Stephen Hesford: To ask the Secretary of State for Foreign and Commonwealth Affairs if he will make representations to the US Government requesting the disqualification of evidence extracted by torture in the trial of 9/11 suspects. 
Dr. Howells: The Military Commissions Act, the US legislation which applies to the Military Commissions designed to try unlawful enemy combatants held at Guantanamo Bay, mandates that evidence obtained under torture is inadmissible. Admissibility of evidence in practice will be for the Military Commissions themselves to determine with respect to the individual cases brought.

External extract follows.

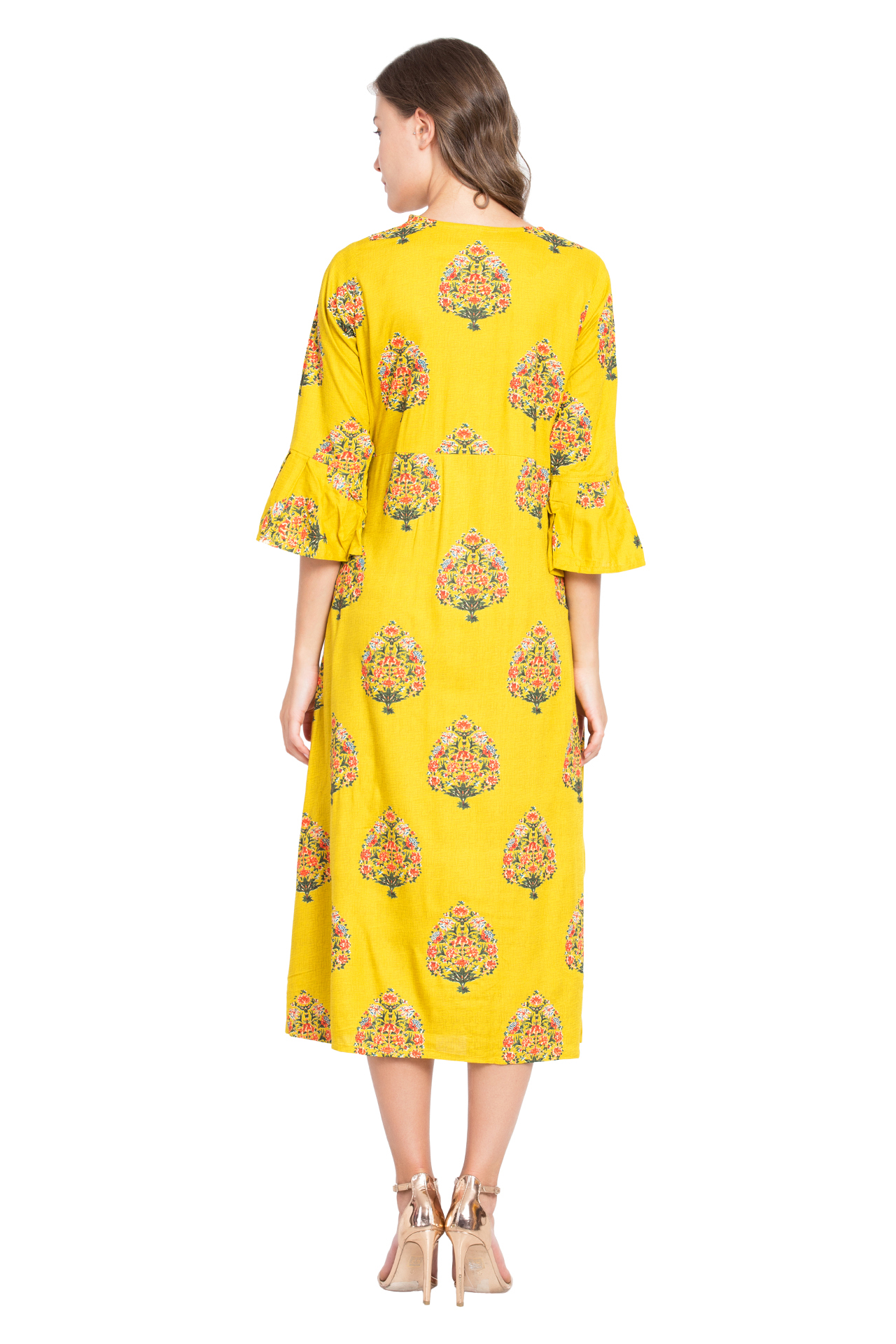 Women Floral Printed Ethnic Kurta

The Foreign and Commonwealth Office has raised concerns about the implementation of the Military Commissions process with the US.
John Bercow: To ask the Secretary of State for Foreign and Commonwealth Affairs what reports he has received of the effects of the political situation in Zimbabwe on that countrys education system. 
Meg Munn: The education system, like so much of the infrastructure in Zimbabwe, has suffered as a result of the Mugabe regimes economic and political mismanagement. Many professional teachers have left the country, unable to survive on the low wages in the hyper-inflationary economy. Of those who have remained, many are now the targets of state-sponsored violence and intimidation because they acted as polling agents in the recent elections. This is only serving to encourage more teachers to leave Zimbabwe and further debilitate the education system. As a result of the economic crisis, schools now charge exorbitant user fees. Whereas in 2002 over 90 per cent. of children were in school, that figure is now thought to be fewer than 70 per cent.